El Khalifi met with an undercover law enforcement officer, who gave him an automatic weapon, which had been rendered inoperable. El Khalifi carried the firearm around the room, practiced pulling the trigger and looking at himself in the mirror.
A former landlord in Arlington said he believed El Khalifi was suspicious and called police a year and a half ago.
Frank Dynda said when he told El Khalifi to leave, the suspect said he had a right to stay and threatened to beat up Dynda. Dynda said he thought El Khalifi was making bombs, but police told him to leave the man alone. Dynda had El Khalifi evicted in 2010.

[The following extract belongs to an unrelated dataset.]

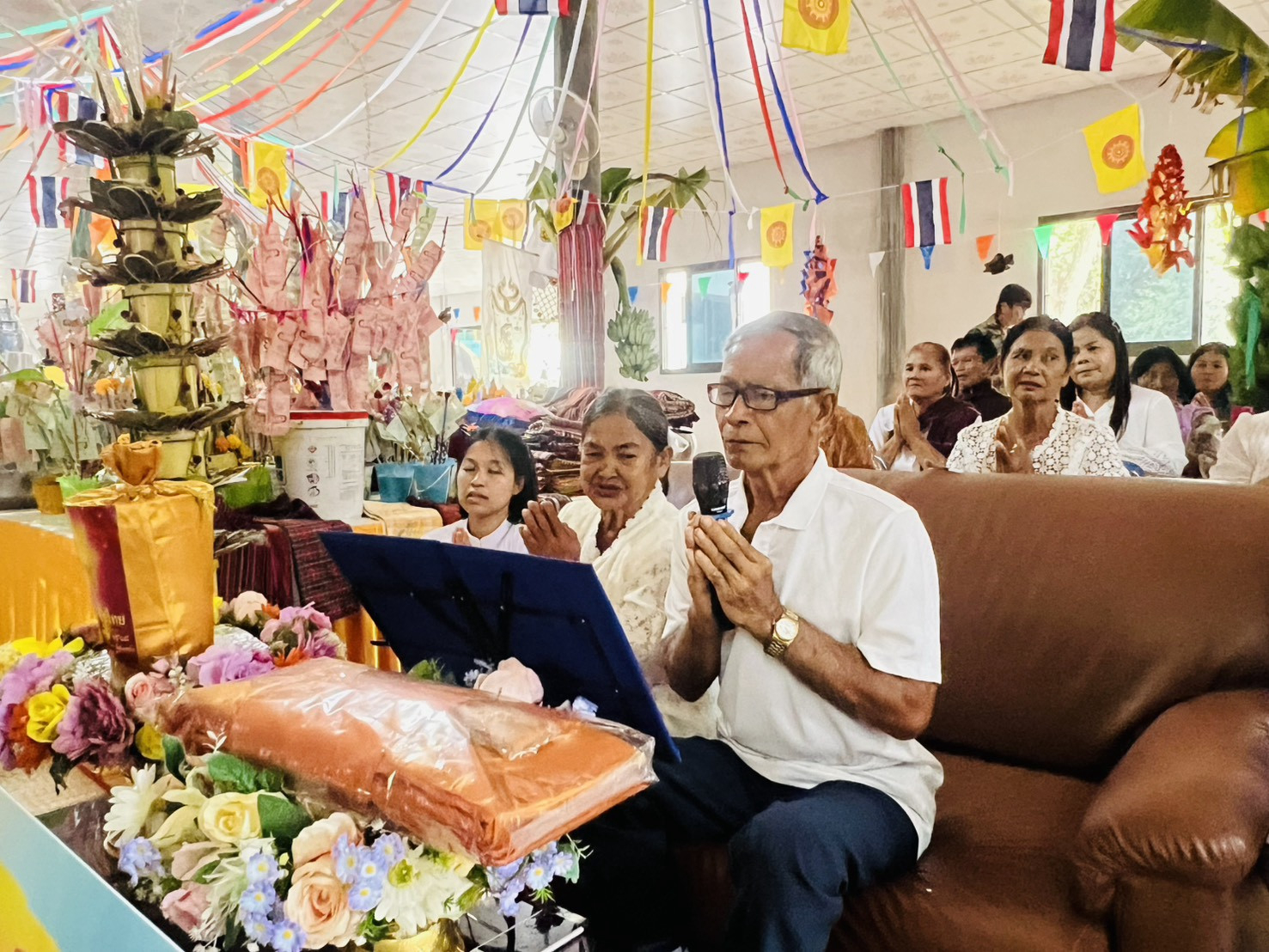 ภาพกล่าวคำถวายกฐินวัดป่ามะมัง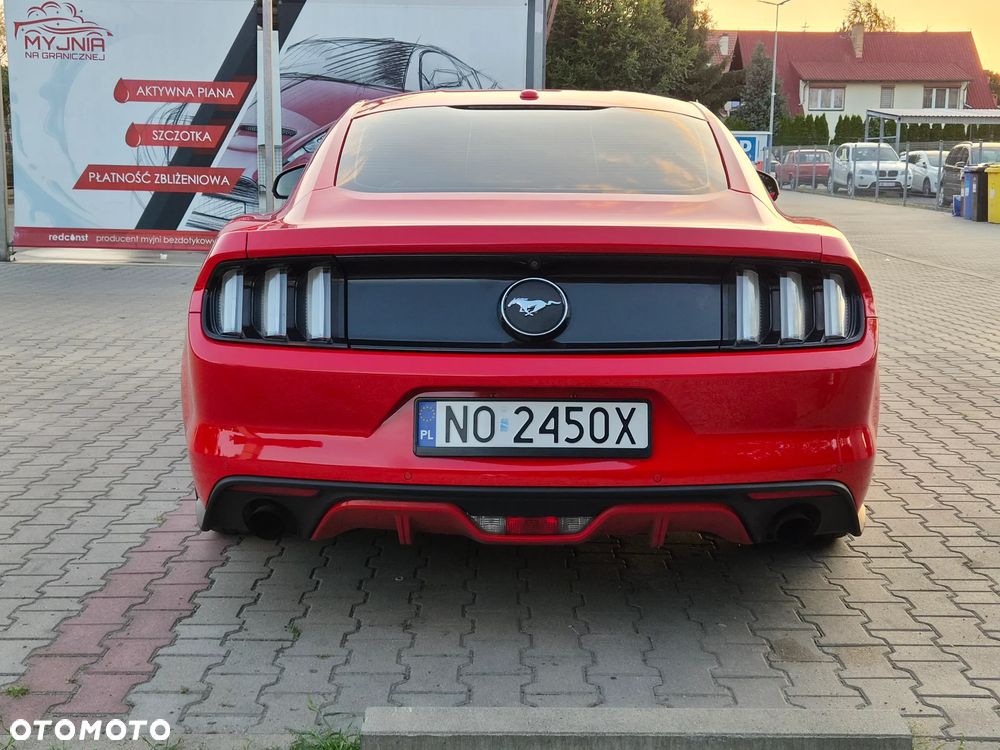 Ford Mustang - 12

El Khalifi had several men staying with him and based on packages left for him, Dynda said. It appeared he was running a luggage business from the apartment, though Dynda never saw any bags.
"I reported to police I think he's making bombs," Dynda said. "I was ready to get my shotgun and run him out of the building, but that would have been a lot of trouble."
Two people briefed on the matter told the Associated Press he FBI has had him under surveillance around the clock for several weeks. They spoke on a condition of anonymity because they were not authorized to speak publicly.
Dar al-Hijrah Mosque imam Johari Abdul-Malik, who along with other Muslim leaders meets regularly with the FBI, said he was contacted by an agency official and told that Khalifi was not someone he needed to worry about.
He said the official told him Khalifi was "not a regular at your mosque or any mosque in the area."
He said he offered to supply the FBI with surveillance video of the mosque in Arlington in case it helped with their investigation but was told it was not necessary.
Police are close to arresting one of El Khalifi's associates on charges unrelated to the terror conspiracy, the counterterrorism official said. The associate was said to also be a Moroccan, living here illegally. Police are investigating others El Khalifi associated with, but not because they believe the associates were part of a terror conspiracy, the official said.